Problem to work on: The pictures are to be dropped, and the records below are to be restated word for word.

Exercise data:
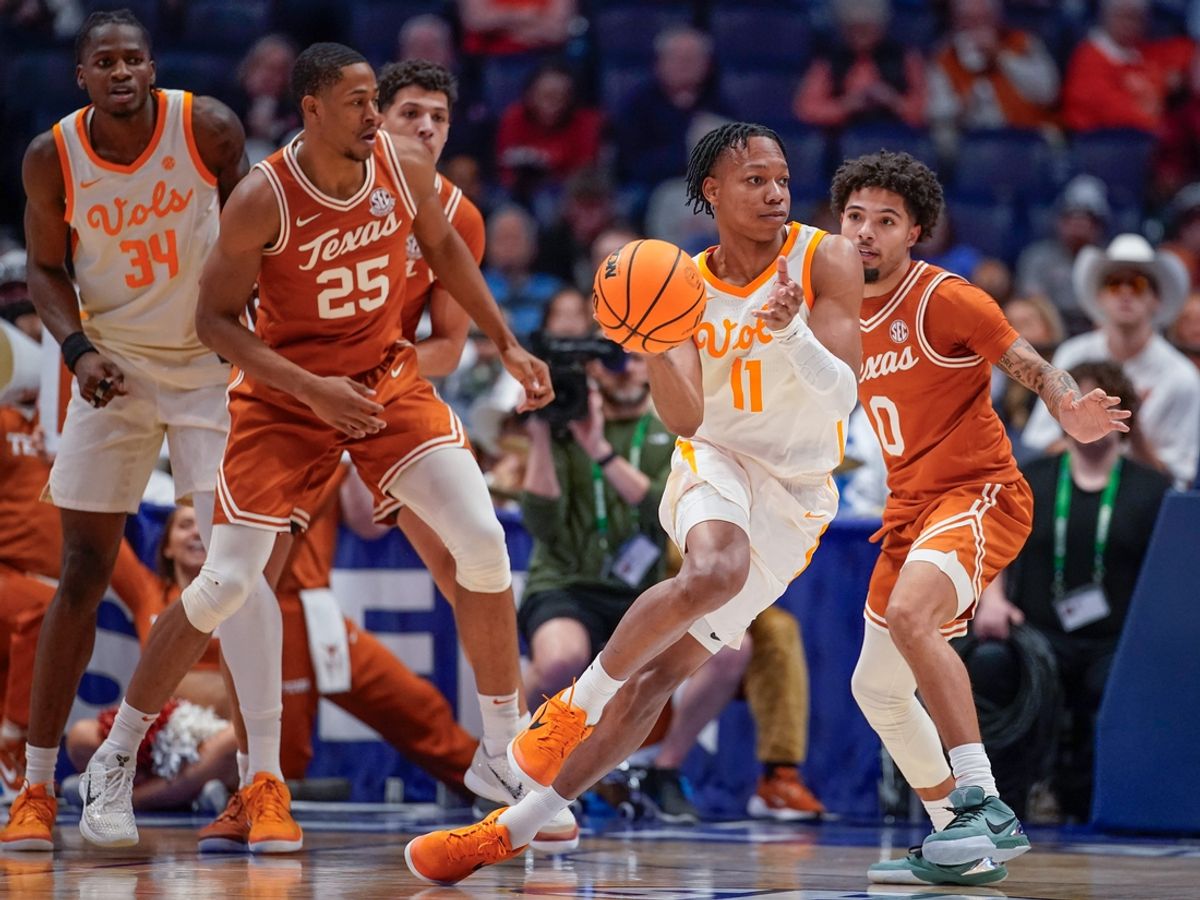 Tennessee guard Jordan Gainey (11) passes around Texas guard Jordan Pope (0) during the first half of a Southeastern Conference tournament quarterfinal game at Bridgestone Arena in Nashville, Tenn., Friday, March 14, 2025.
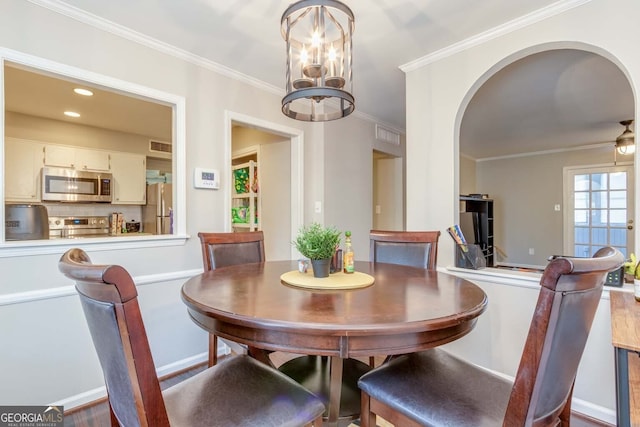 dining room with a notable chandelier, ornamental molding, and hardwood / wood-style floors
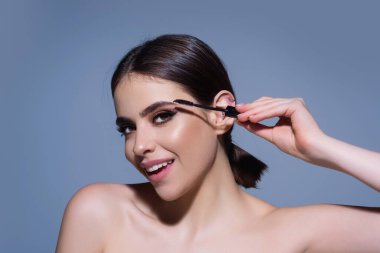 Eyebrow shaping, woman combs eyebrows with a brus. Eyebrow line. Makeup and cosmetology concept. Female model with long eyelashes and thick eyebrows. Perfect shaped brow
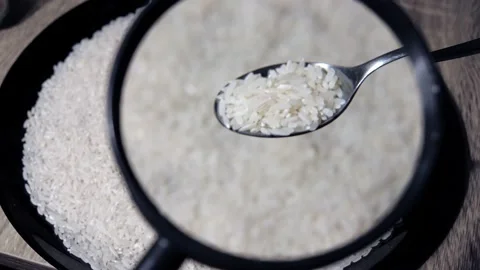 A close-up of a spoon with rice on it through a magnifying glass and a large Stock Footage 149845033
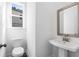 Half bathroom with pedestal sink, toilet, and framed mirror at 1495 Auburn Glen Rd, Dacula, GA 30019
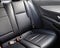 Back passenger black leather seats in modern luxury car. Black perforated leather with stitching. Car inside. Leather comfortable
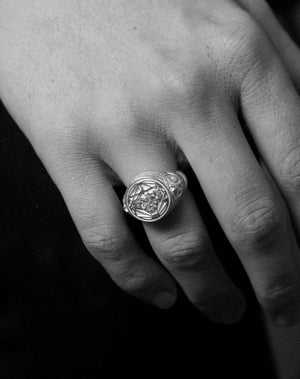 A sterling silver ring featuring a central artwork, collaged together, with intricate detailing. Worn on a hand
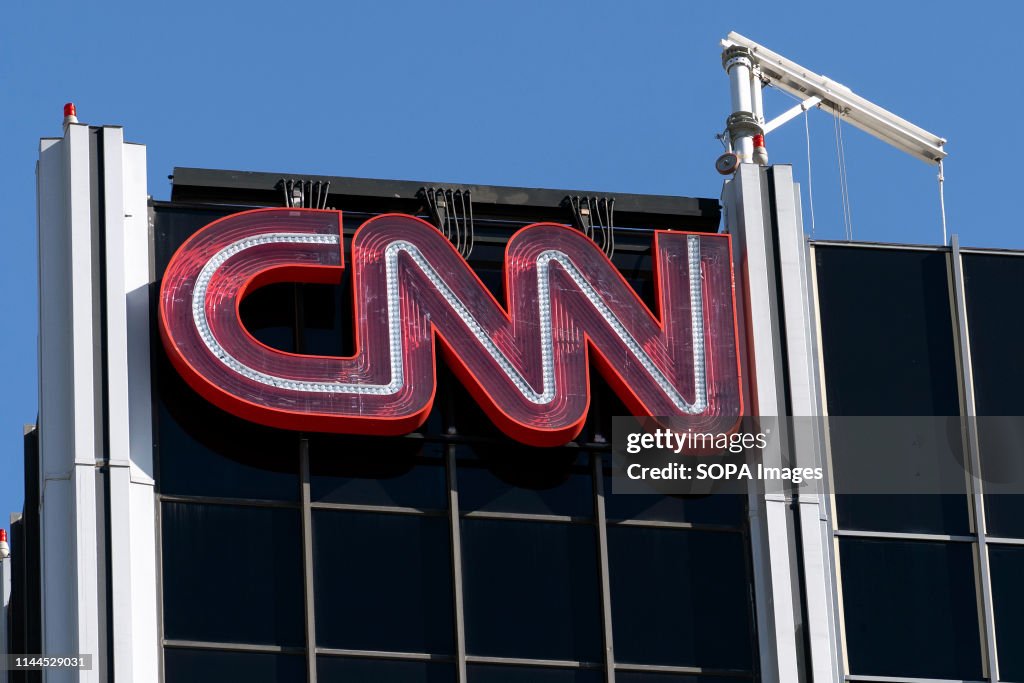 The CNN logo is seen atop its bureau in Los Angeles,...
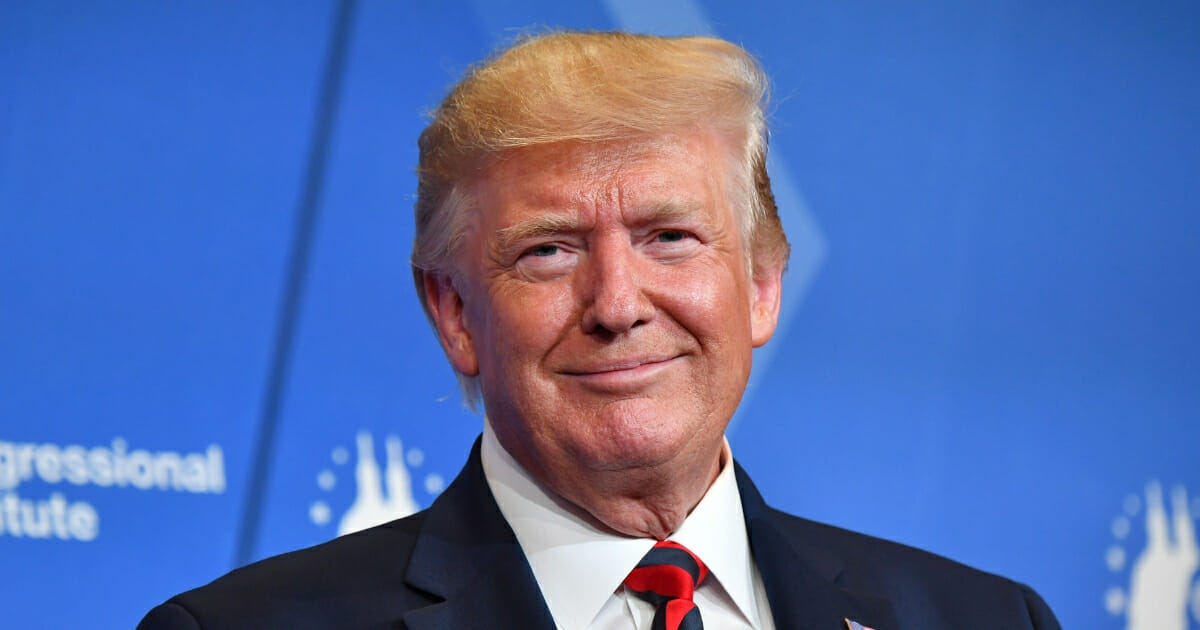 President Donald Trump smiles as he delivers remarks in Baltimore, Maryland, on Sept. 12, 2019.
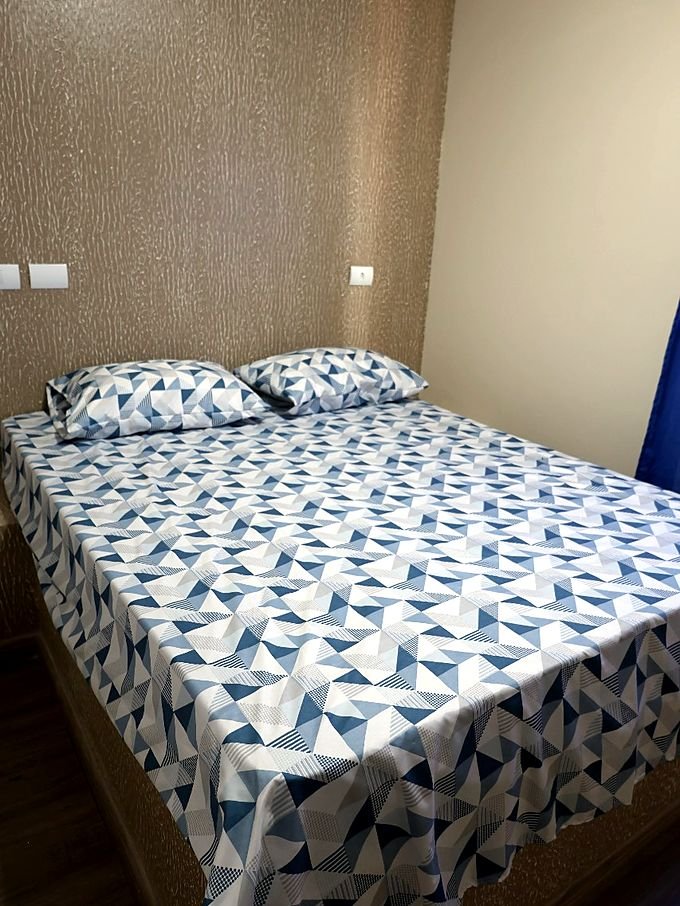 Quarto de casal do Hotel Costa com colcha geométrica e cabeceira de papel de parede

Response area:
 Tennessee guard Jordan Gainey (11) passes around Texas guard Jordan Pope (0) during the first half of a Southeastern Conference tournament quarterfinal game at Bridgestone Arena in Nashville, Tenn., Friday, March 14, 2025.
 dining room with a notable chandelier, ornamental molding, and hardwood / wood-style floors
 Eyebrow shaping, woman combs eyebrows with a brus. Eyebrow line. Makeup and cosmetology concept. Female model with long eyelashes and thick eyebrows. Perfect shaped brow
 A close-up of a spoon with rice on it through a magnifying glass and a large Stock Footage 149845033
 Half bathroom with pedestal sink, toilet, and framed mirror at 1495 Auburn Glen Rd, Dacula, GA 30019
 Back passenger black leather seats in modern luxury car. Black perforated leather with stitching. Car inside. Leather comfortable
 A sterling silver ring featuring a central artwork, collaged together, with intricate detailing. Worn on a hand
 The CNN logo is seen atop its bureau in Los Angeles,...
 President Donald Trump smiles as he delivers remarks in Baltimore, Maryland, on Sept. 12, 2019.
 Quarto de casal do Hotel Costa com colcha geométrica e cabeceira de papel de parede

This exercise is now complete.